La Ruota gira, e sebbene faccia ancora molto caldo e ancora possiamo bagnarci nelle acque fresche e accoglienti della Dea, lentamente iniziamo il nostro viaggio verso la discesa.
Già da due mesi il sole ha superato il suo punto più alto, tramontando sempre un po’ prima: la dolcezza del buio ci avvolge nelle nostre serate, mentre lasciamo in esso i frutti di ciò che abbiamo seminato nei mesi scorsi.
Passeggiando in natura, possiamo notare il lento eppure ineluttabile cambiamento: tra il verde ancora imperante, appaiono alberi già aranciati e foglie marroni che iniziano a cadere.
La Dea è una misteriosa e magica danza, che ci accoglie nel suo abbraccio e ci porta con sé.
E dunque in questo periodo che a tratti già ci fa assaporare la fine e la trasformazione, guardiamo a ciò che abbiamo raccolto e ricevuto e rendiamo grazie.
Osserviamo i passi compiuti, i traguardi raggiunti, le messi dorate che alchemicamente abbiamo trasformato nel nostro pane: quanto siamo soddisfatte/i? Quanto ancora deve essere cambiato? Quanto deve essere lasciato andare, in quel taglio che ci mostra sì l’abbondanza del raccolto, ma anche la necessità della morte, in vista della rigenerazione?

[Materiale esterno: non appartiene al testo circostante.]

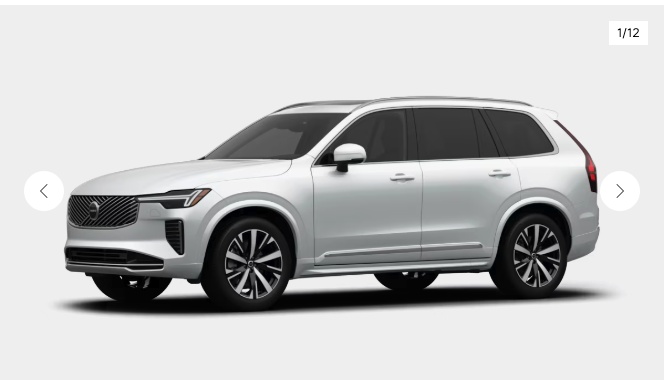 Volvo XC90 Core trim — luxury essentials, Fort Myers FL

Senza giudicarci, facciamo il punto della situazione: scaviamo nel profondo, per capire quanto di questo raccolto è ciò che realmente desideriamo e quanto invece ci siamo sentite/i obbligate/i dalla necessità, dalle aspettative altrui, da illusioni che ormai non tengono più.
La Dea, che in questo momento appare come La Madre generosa e portatrice di doni, ci mostra anche il suo volto amorevole e pieno di compassione: è a questo volto che dobbiamo ispirarci, per imparare ad accettare i lati scomodi di noi, le cadute, le battute d’arresto e tutto ciò che ci fa stare male.
Analizziamo il nostro raccolto con gli occhi di questa madre amorevole, consapevoli che possiamo comunque correggere il tiro, che sia adesso o nel prossimo Giro di Ruota: non sempre ciò che vogliamo ci arriva o comunque non sempre ci arriva nei tempi e nei modi che avremmo desiderato.
Ma è questa la danza della Dea, è questa la danza della vita.
E in questa danza noi dobbiamo imparare, volta dopo volta, ad intrecciare i nostri passi a quelli della Dea;
in un continuo soffio vitale, in un continuo movimento di espansione e contrazione.
Perché la contrazione è necessaria, affinché tutto torni ad espandersi.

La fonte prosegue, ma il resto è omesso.